Полибию, как и Фукидиду, не чужда идея исторической закономернос­ти. Правда, формулировка ее у Полибия имеет наивно-биологический ха­рактер. Все явления сравниваются с организмами, которые переживают периоды юности, зрелости и старости: «Всякое тело, всякое государство и всякое предприятие, согласно природе, проходят состояние возрастания, потом расцвета и, наконец, упадка» (VI, 51, 4). Эта общая формула конк­ретизируется на истории государственных форм. Сначала возникает монархия, со временем вырождающаяся в тиранию. Это вызывает недо­вольство народа и приводит к появлению аристократии, которая, в свою очередь, переходит в олигархию. Падение последней кладет начало демок­ратии. Но и она в конце концов разлагается, превращаясь в беззаконие и господство силы: «Тогда водворяется господство силы, а собирающаяся вокруг вождя толпа совершает убийства, изгнания, переделы земли, пока не одичает совершенно и снова не обретет себе властителя и самодержца» (VI, 9, 9).

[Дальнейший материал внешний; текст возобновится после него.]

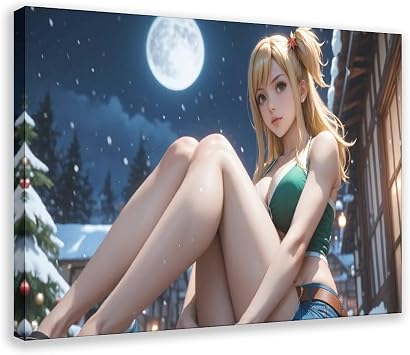AI Japanese Anime, AI Sexy Girl, Super Long Hair, Cute Girl, Bikini, Sexy Lingerie, Double Ponytail, Ice And Snow, Christmas Tree 1 Canvas Poster Bedroom Decor Landscape Office Room Decor Gift Frame-s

Круг завершен, и исторический процесс начинается сызнова: «Таков круговорот государственных форм, таков порядок природы, согласно ко­торому формы правления меняются, переходят одна в другую и снова воз­вращаются» (VI, 9, 10). Здесь впервые сформулирована так называемая циклическая теория, которая сыграла большую роль в развитии историог­рафии нового времени.

 

Ливий

 

Полибий оказал огромное влияние на античных историков. Одни про­должали его «Историю», другие ему подражали, третьи просто списыва­ли его. К числу последних принадлежал и Ливий. История Первой Пуни­ческой войны сохранилась только в его периохах. Зато описание собы­тий от 218 до 168 г. (3, 4-я и 5-я декады) дошло до нас полностью. В главе I мы уже указывали, что в 4-й и 5-й декадах Ливий пользовался почти исключительно Полибием. Что же касается 3-й декады (истории Второй Пунической войны), то в ней в основе его изложения лежат отчасти Полибий, отчасти младшие анналисты. Там, где Ливий использовал только Полибия, рассказ его довольно надежен (хотя, как было сказано, он со­кращал Полибия, а иногда и искажал его в угоду римской точке зре­ния). Во всех других случаях (особенно там, где Ливий опирался на рим­ских анналистов) к показаниям его нужно относиться с большой осто­рожностью.

У Плутарха к интересующей нас эпохе относятся биографии Фабия Максима, Марцелла, Катона Старшего, Фламинина, Филопемена и Эми­лия Павла. В них проявляются его обычные достоинства и недостатки, о которых мы говорили в главе I. Впрочем, четыре последние биографии, где он, по-видимому, следует полибиевой традиции, более ценны, чем две первые.

 

Аппиан

 

В середине II в. н. э., в эпоху расцвета Империи, в Риме появилось своеобразное историческое произведение. Автором его был александриец Аппиан, адвокат, а затем императорский чиновник (прокуратор) в Египте (родился около 90 г.). Произведение Аппиана называется «Римская исто­рия». Оно состояло из 24 книг, из которых полностью уцелели только 6— 8-я и 12—17-я. Аппиан поставил своей задачей описать войны, которые вели римляне. Каждой войне посвящены одна или несколько книг, состав­ляющих как бы отдельную монографию внутри всего произведения. Мате­риал расположен по этнографическому (или географическому) принципу: войны самнитские, кельтские, иберийские, македонские и проч. Однако этот принцип не выдержан, так как некоторые части построены по истори­ческому принципу: войны римских царей, ганнибалова война, граждан­ские войны и др. Описание гражданских войн (книги 13—17-я) составляет самую важную и ценную часть «Римской истории». Эпоха больших завое­ваний отражена в книгах: иберийской, ганнибаловой, ливийской, иллирий­ской, сирийской и отрывках македонской.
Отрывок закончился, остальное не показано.